--- Action item ---
The span to repeat in the listing below runs from the line containing "Steve Madden Polka" to the line containing "Mercedes-Benz A Class", inclusive. Repeat it exactly, and only it.

--- Source records ---
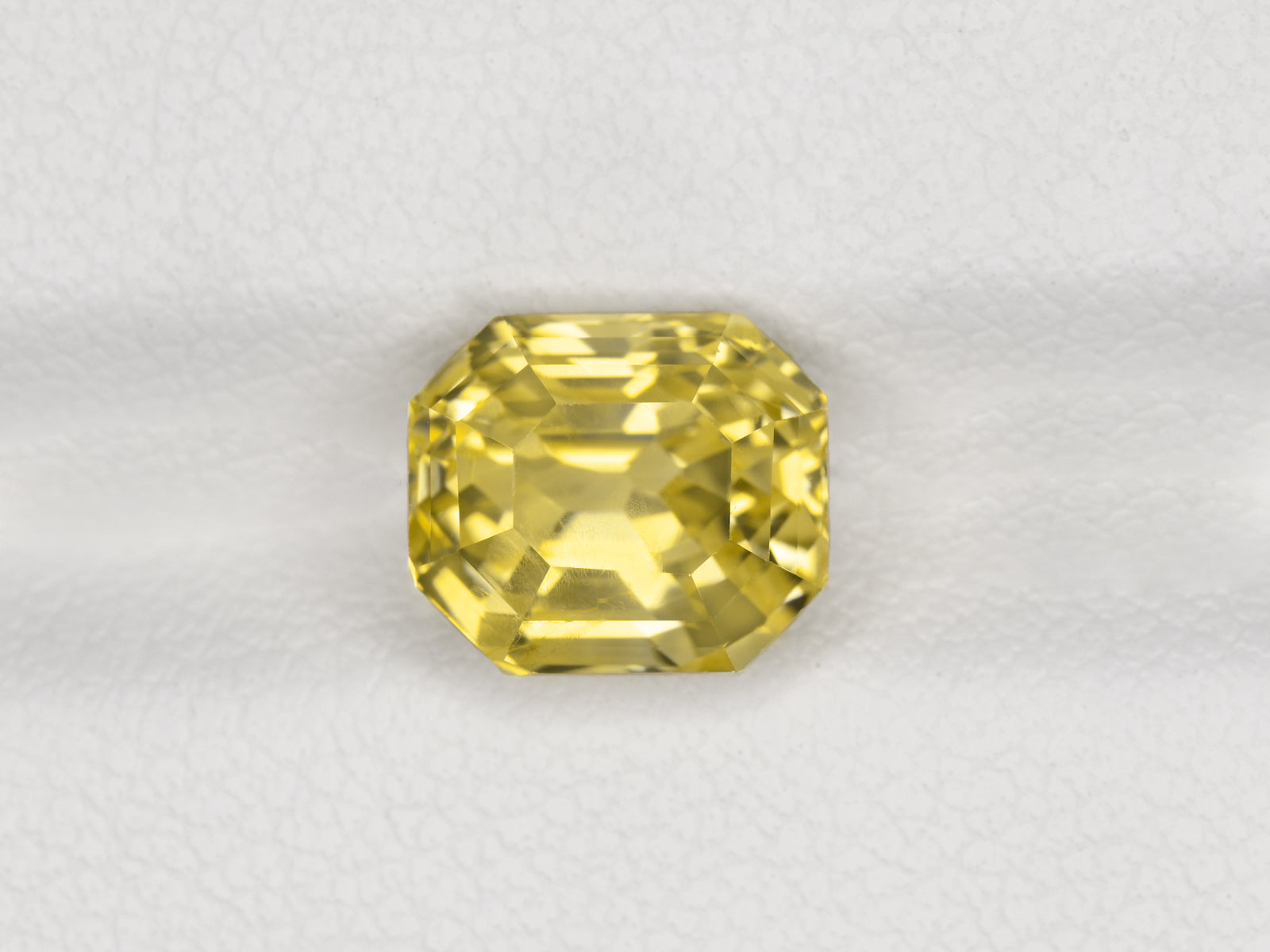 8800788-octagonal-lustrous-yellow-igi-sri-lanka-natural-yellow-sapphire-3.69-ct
---
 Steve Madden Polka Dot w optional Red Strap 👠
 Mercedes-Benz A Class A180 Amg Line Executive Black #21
* * *
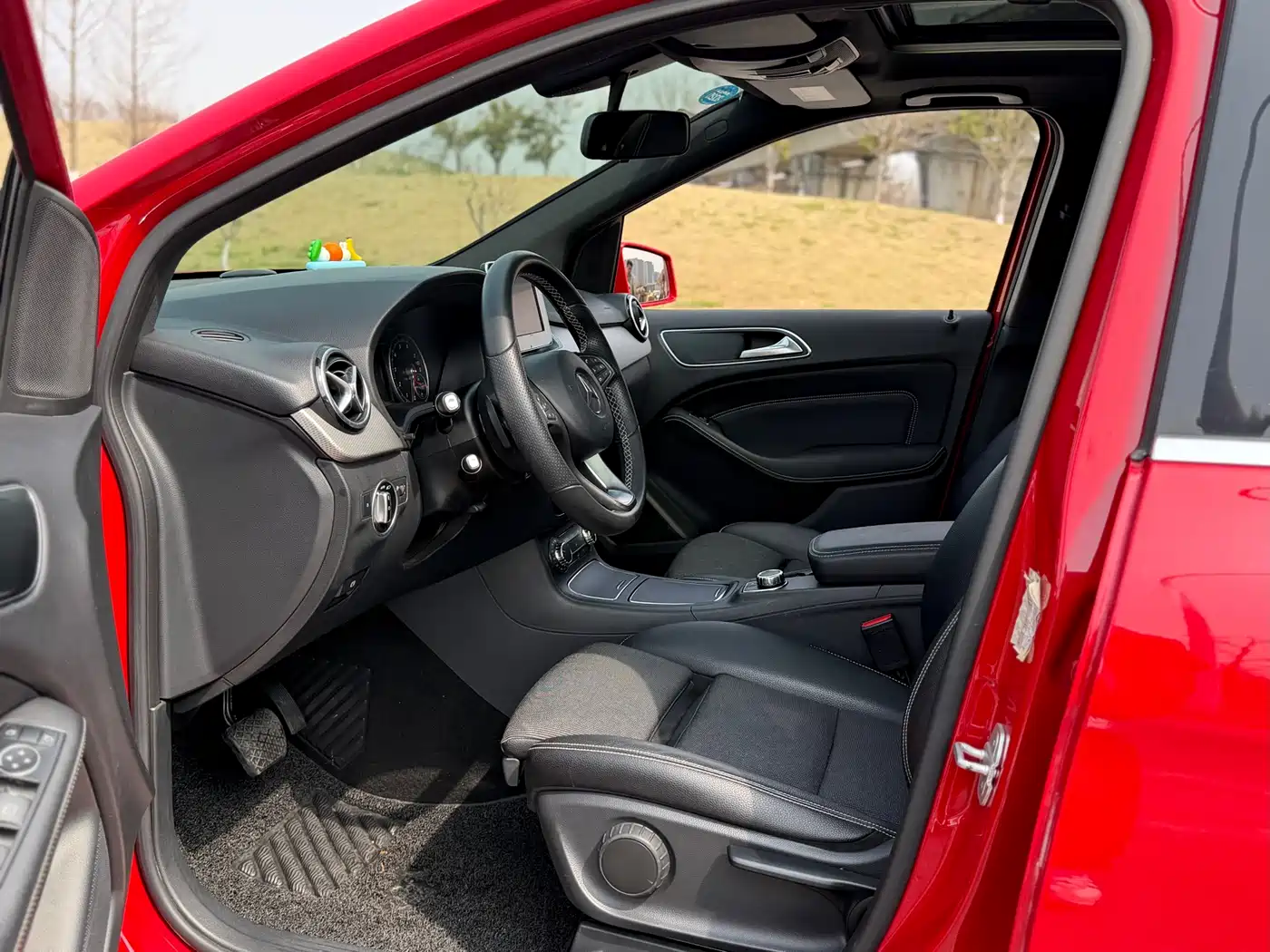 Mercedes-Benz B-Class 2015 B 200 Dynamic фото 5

--- Solution ---
 Steve Madden Polka Dot w optional Red Strap 👠
 Mercedes-Benz A Class A180 Amg Line Executive Black #21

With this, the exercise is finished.